# Problem to solve
When the line with "Style Loft Collection" comes up, set it down and every later line to the end of the data, exactly and without pictures.

# Listed records
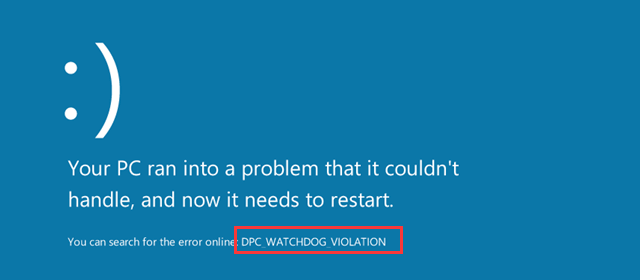 FIX: DPC Watchdog Violation Windows 10?[상세 가이드]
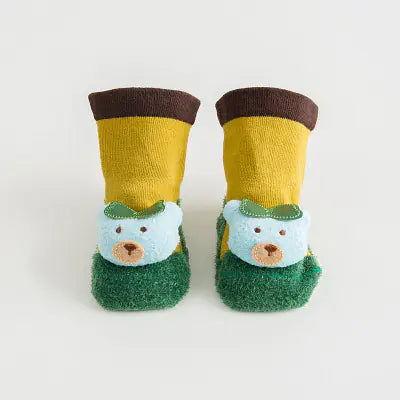 Style Loft Collection Animal Steppers Non-Slip Socks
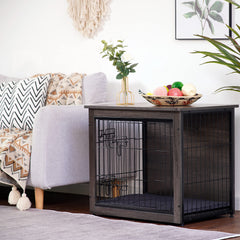 Soft cushion inside Dwanton crate adds cozy sleep for pets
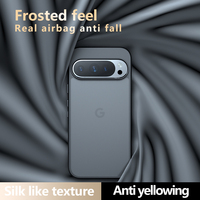 Coque de téléphone mate armure givrée pour Google Pixel 9 Pro XL 8 Pro 8A 5G couverture transparente Pixel 7A acrylique mince antichoc pare-chocs Funda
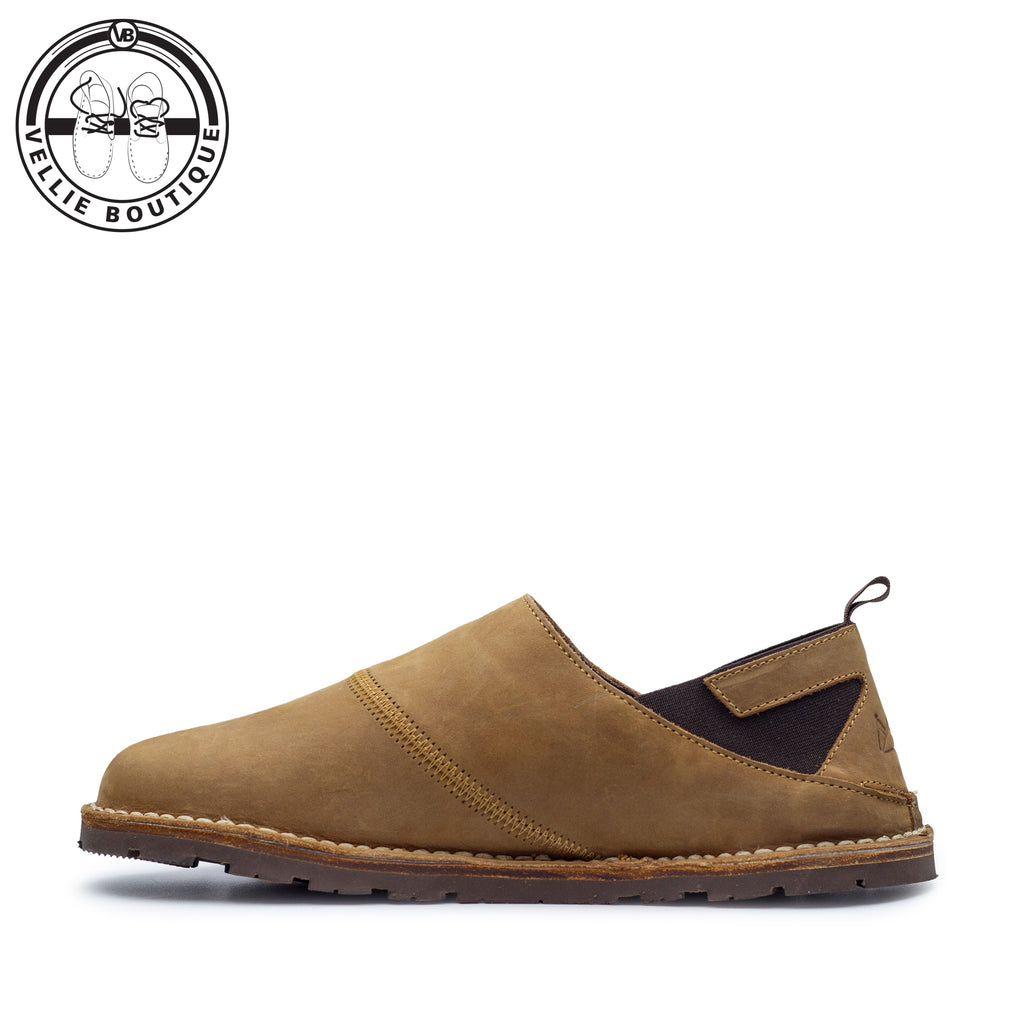 Bashers -Camper Slip On - Tan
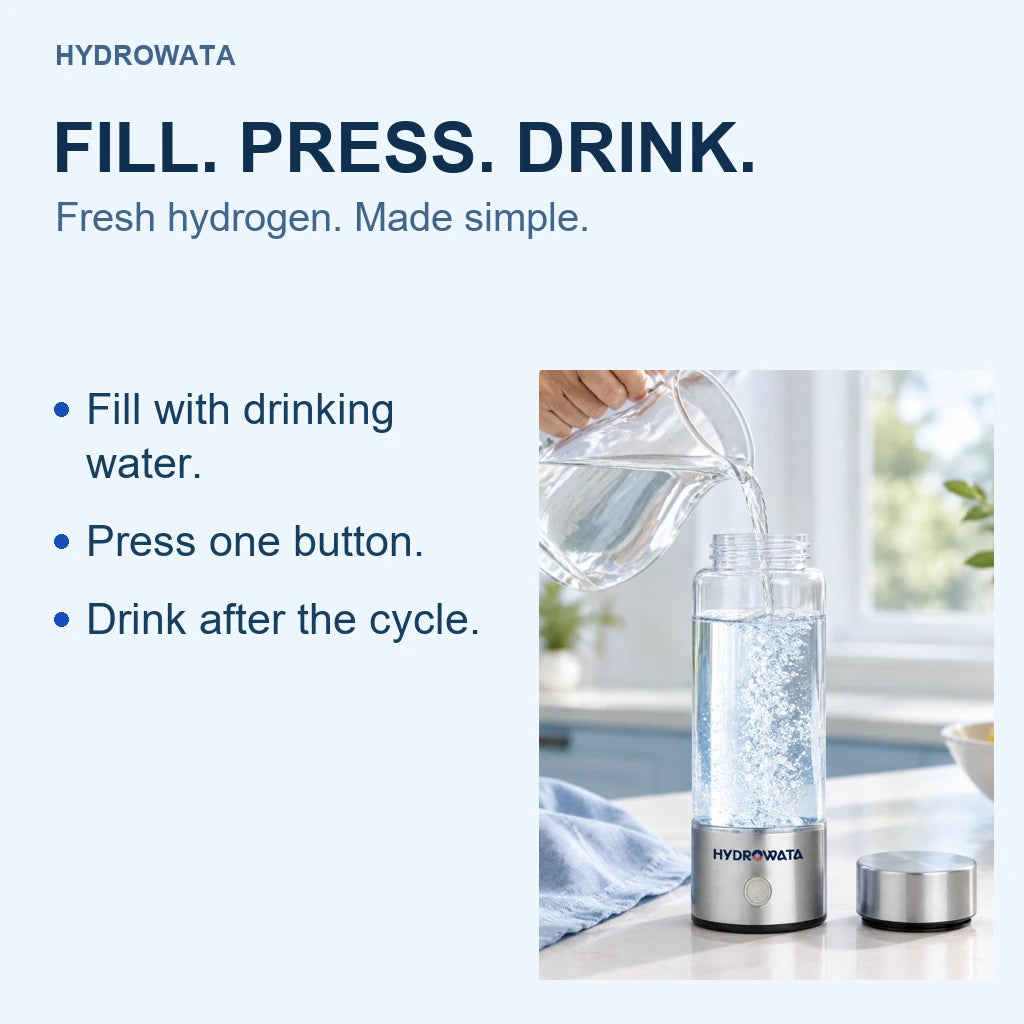 Fill press and drink routine
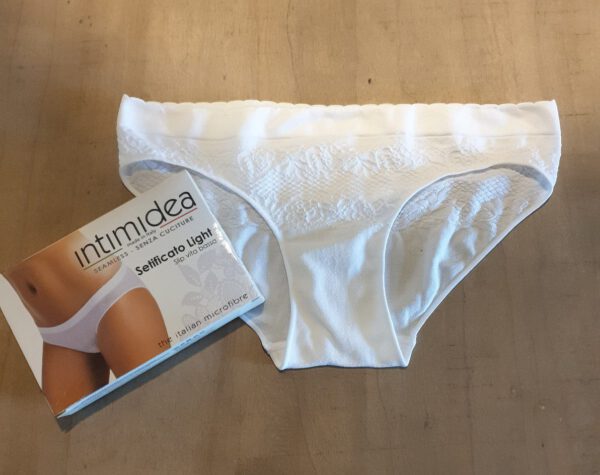 Set van 2 stuks Intimidea Italiaanse slip in WIT kleur van microfiber, stretch Maat M/L - Afbeelding 3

# Answer space
 Style Loft Collection Animal Steppers Non-Slip Socks
 Soft cushion inside Dwanton crate adds cozy sleep for pets
 Coque de téléphone mate armure givrée pour Google Pixel 9 Pro XL 8 Pro 8A 5G couverture transparente Pixel 7A acrylique mince antichoc pare-chocs Funda
 Bashers -Camper Slip On - Tan
 Fill press and drink routine
 Set van 2 stuks Intimidea Italiaanse slip in WIT kleur van microfiber, stretch Maat M/L - Afbeelding 3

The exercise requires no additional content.